What is needed: For the entries that follow, retype exactly the lines from the one containing "Moderne zwarte Chic-Roos" to the one containing "coton | Marie Espinosa", inclusive, and only those. Images stay out of the copy.

Excerpted records:
- Opening Delimiter -

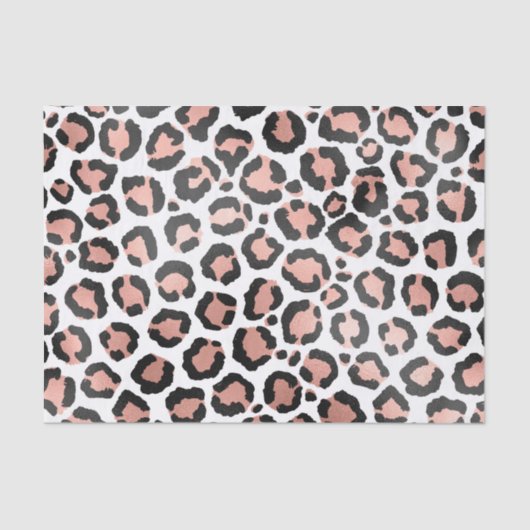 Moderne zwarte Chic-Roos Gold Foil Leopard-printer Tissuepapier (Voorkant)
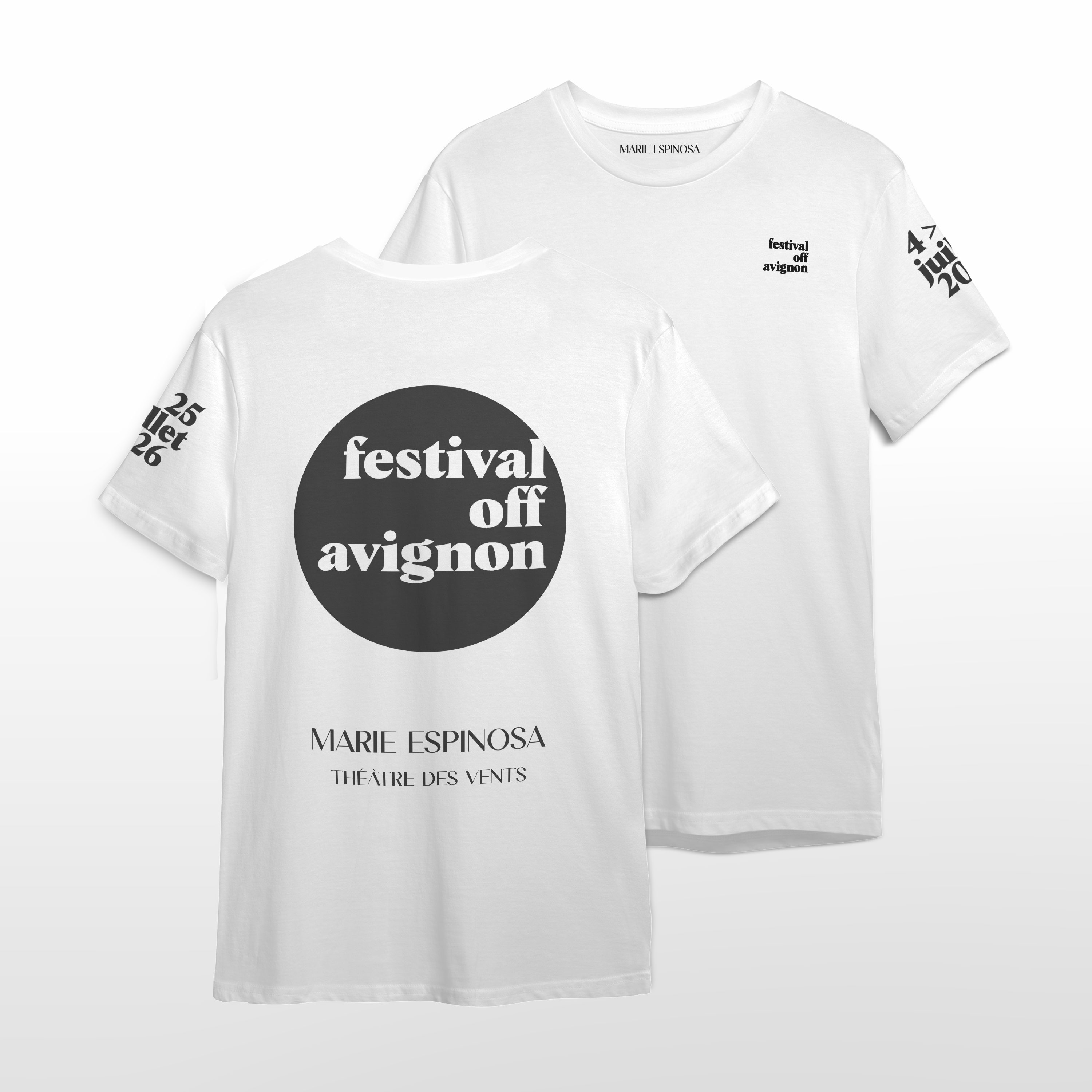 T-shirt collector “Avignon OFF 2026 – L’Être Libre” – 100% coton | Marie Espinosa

- Closing Delimiter -
- Opening Delimiter -

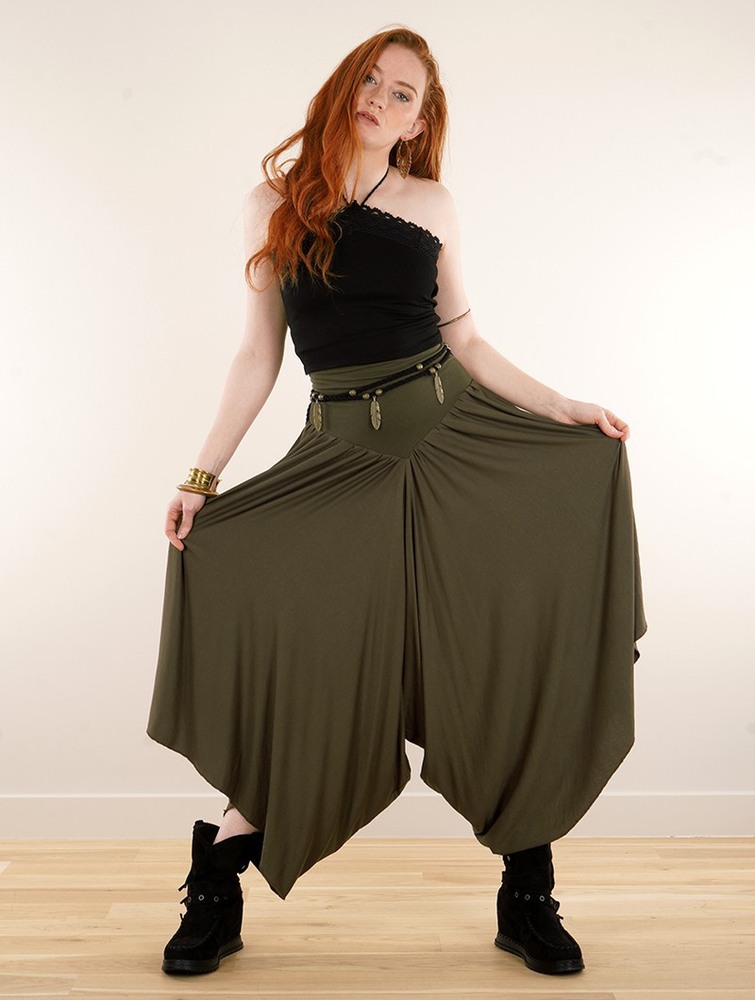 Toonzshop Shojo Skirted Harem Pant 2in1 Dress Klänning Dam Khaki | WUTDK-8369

- Closing Delimiter -

Solution to this exercise:
 Moderne zwarte Chic-Roos Gold Foil Leopard-printer Tissuepapier (Voorkant)
 T-shirt collector “Avignon OFF 2026 – L’Être Libre” – 100% coton | Marie Espinosa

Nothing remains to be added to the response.